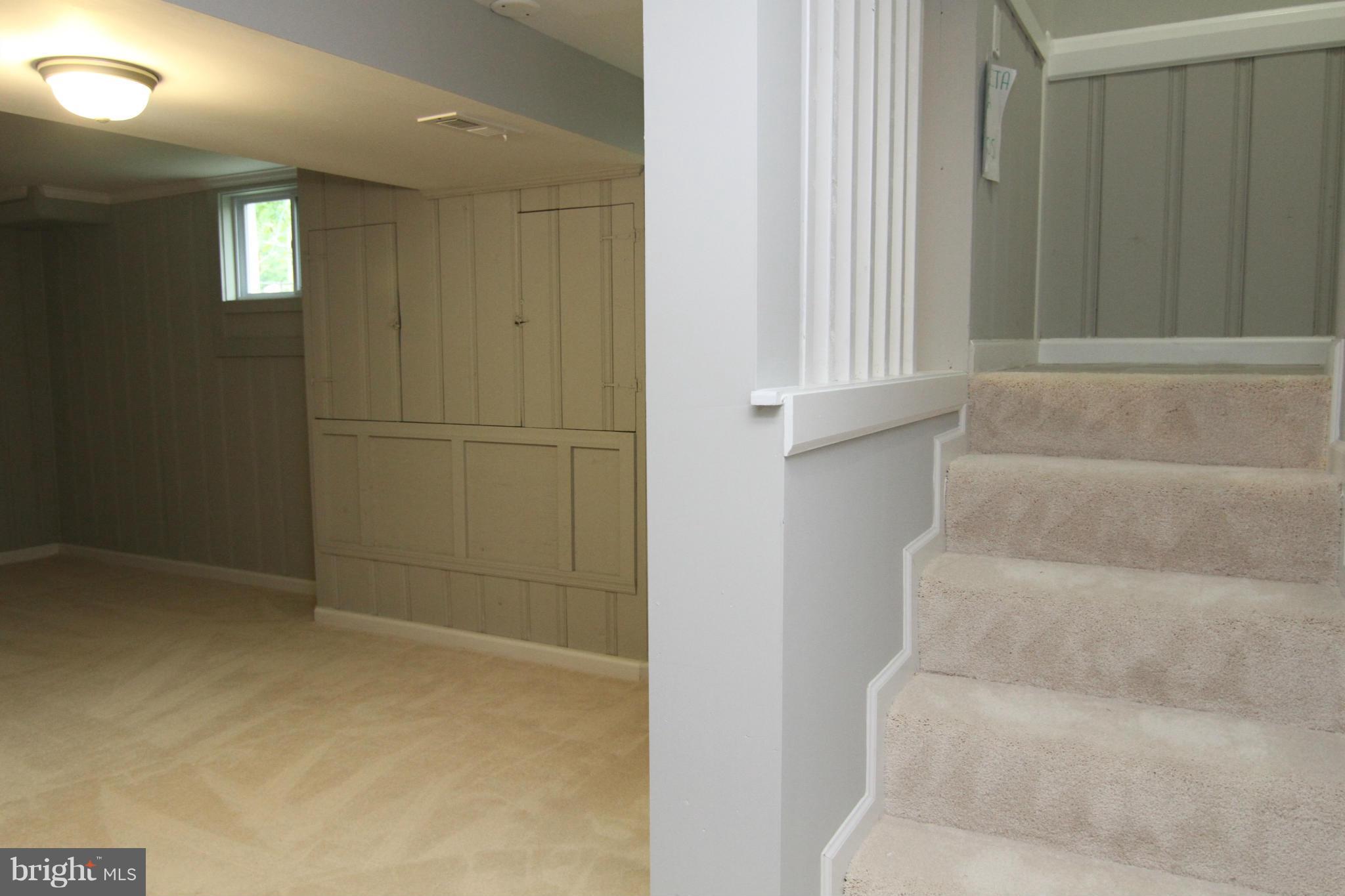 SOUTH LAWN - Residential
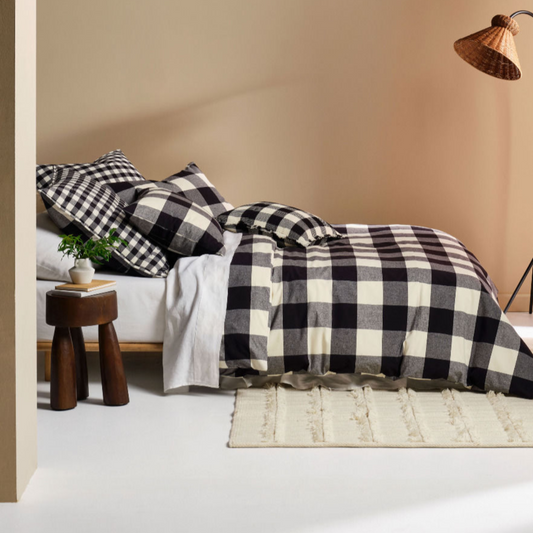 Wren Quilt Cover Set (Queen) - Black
---
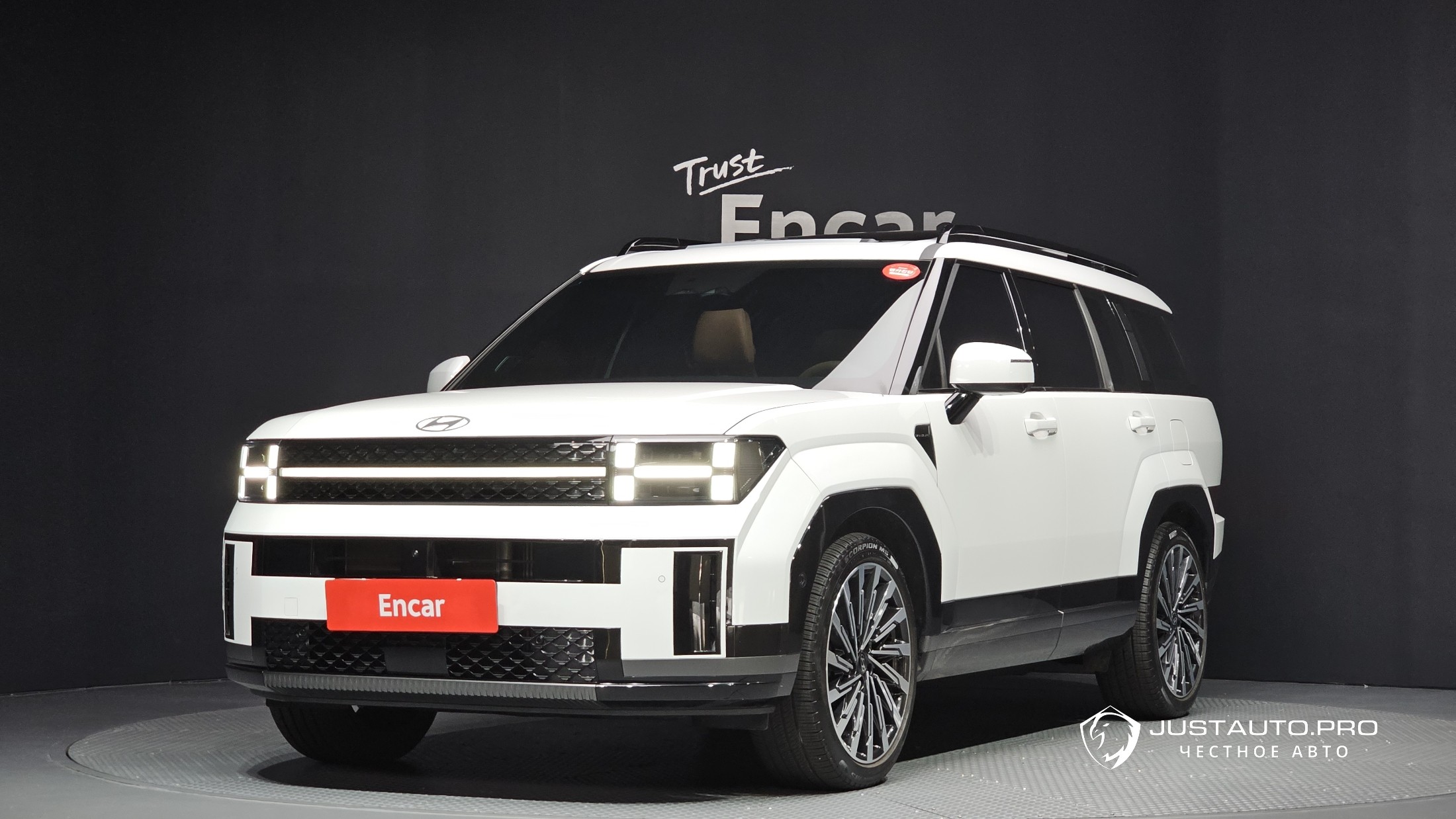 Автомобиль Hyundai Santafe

What this task involves: Return word for word the lines of the listing above, starting at the line with "SOUTH LAWN - Residential" and ending at the line with "Wren Quilt Cover Set (Queen) - Black", both included. Pictures do not belong in the copy.

Result:
 SOUTH LAWN - Residential
 Wren Quilt Cover Set (Queen) - Black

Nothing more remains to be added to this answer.